本研究通过分析10例帕金森病患者左旋多巴给药前（OFF）和给药后（on）的脑电图和深电极，探讨了黑质纹状体多巴胺能药理学刺激对全脑的影响。我们将大规模脑动力学描述为非周期性爆发的时空传播。然后，我们利用一种包括局部多巴胺浓度的新型神经质量模型模拟左旋多巴的影响。模拟不同多巴胺能音调的全脑动态，生成预期动态的预测，并与经验脑电图和深电极数据进行比较。为此，我们将模型倒置，并从经验数据中推断出最可能的多巴胺能张力，正确识别出每个患者在打开状态下的高多巴胺能张力，以及在关闭状态下的低多巴胺能张力。总之，我们通过将解剖学和功能知识整合到生理预测中，成功地推断出多巴胺能张力，并使用坚实的基础事实来验证我们的发现。

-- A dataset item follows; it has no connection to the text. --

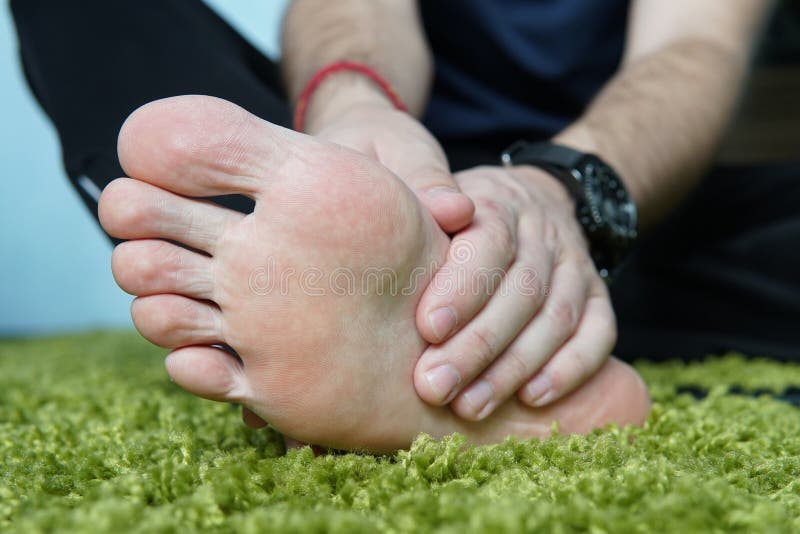 Douleur dans le pied Massage des pieds masculins pedicures pied cassé, un pied endolori, massant le talon photographie stock Douleur dans le pied Massage des pieds masculins pedicures pied cassé, un pied endolori, massant le talon photographie stock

本文章由计算机程序翻译，如有差异，请以英文原文为准。

求助全文

约1分钟内获得全文求助全文

来源期刊

NPJ Systems Biology and Applications Mathematics-Applied Mathematics

CiteScore

5.80

自引率

0.00%

发文量

审稿时长

8 weeks

期刊介绍： npj Systems Biology and Applications is an online Open Access journal dedicated to publishing the premier research that takes a systems-oriented approach. The journal aims to provide a forum for the presentation of articles that help define this nascent field, as well as those that apply the advances to wider fields. We encourage studies that integrate, or aid the integration of, data, analyses and insight from molecules to organisms and broader systems. Important areas of interest include not only fundamental biological systems and drug discovery, but also applications to health, medical practice and implementation, big data, biotechnology, food science, human behaviour, broader biological systems and industrial applications of systems biology. We encourage all approaches, including network biology, application of control theory to biological systems, computational modelling and analysis, comprehensive and/or high-content measurements, theoretical, analytical and computational studies of system-level properties of biological systems and computational/software/data platforms enabling such studies.